### EXERCISE OBJECTIVE
Only the lines containing "mens" belong in the answer; find them in the material below.

### DATA
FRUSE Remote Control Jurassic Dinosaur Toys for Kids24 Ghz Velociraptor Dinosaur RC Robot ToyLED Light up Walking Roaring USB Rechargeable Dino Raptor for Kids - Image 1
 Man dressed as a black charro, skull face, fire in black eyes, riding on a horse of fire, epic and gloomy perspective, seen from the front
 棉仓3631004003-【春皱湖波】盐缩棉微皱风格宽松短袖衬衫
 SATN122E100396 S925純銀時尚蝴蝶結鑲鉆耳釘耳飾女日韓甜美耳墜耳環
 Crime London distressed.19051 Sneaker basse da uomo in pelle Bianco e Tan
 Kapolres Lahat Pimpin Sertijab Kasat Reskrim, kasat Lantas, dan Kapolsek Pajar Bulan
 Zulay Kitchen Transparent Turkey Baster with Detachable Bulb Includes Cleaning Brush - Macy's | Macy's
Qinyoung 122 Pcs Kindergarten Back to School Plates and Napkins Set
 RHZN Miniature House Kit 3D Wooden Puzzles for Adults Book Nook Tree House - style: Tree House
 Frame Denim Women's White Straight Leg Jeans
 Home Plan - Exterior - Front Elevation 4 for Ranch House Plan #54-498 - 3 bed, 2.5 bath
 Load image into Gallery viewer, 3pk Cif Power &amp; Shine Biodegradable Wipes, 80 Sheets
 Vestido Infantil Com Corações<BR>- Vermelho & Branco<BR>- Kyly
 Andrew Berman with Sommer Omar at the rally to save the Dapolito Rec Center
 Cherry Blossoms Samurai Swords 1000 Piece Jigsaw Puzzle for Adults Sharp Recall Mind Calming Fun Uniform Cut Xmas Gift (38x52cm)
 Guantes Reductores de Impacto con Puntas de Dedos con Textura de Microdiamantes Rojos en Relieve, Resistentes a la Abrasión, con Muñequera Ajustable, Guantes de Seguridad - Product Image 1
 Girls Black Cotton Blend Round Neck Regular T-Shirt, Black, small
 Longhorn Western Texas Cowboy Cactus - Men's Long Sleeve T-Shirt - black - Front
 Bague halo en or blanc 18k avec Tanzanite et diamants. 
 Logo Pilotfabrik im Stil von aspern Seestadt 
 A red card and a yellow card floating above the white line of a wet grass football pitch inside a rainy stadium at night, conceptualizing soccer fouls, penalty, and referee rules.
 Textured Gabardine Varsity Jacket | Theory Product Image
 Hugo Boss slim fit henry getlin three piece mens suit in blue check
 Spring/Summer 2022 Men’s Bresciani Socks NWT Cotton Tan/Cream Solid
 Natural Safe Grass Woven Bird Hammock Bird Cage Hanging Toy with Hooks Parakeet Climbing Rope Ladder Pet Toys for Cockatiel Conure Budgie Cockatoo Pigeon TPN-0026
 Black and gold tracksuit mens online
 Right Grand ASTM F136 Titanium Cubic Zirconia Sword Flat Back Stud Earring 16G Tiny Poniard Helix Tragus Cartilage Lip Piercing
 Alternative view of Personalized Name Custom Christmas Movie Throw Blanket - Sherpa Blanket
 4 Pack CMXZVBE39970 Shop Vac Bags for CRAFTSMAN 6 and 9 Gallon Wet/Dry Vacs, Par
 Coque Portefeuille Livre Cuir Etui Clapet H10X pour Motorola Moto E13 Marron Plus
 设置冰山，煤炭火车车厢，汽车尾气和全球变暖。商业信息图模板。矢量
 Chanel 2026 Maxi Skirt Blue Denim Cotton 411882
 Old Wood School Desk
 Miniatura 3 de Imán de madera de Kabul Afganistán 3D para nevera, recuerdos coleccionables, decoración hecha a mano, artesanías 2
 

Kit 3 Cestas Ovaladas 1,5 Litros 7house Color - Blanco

### RESULT OF THE EXERCISE
 Hugo Boss slim fit henry getlin three piece mens suit in blue check
 Black and gold tracksuit mens online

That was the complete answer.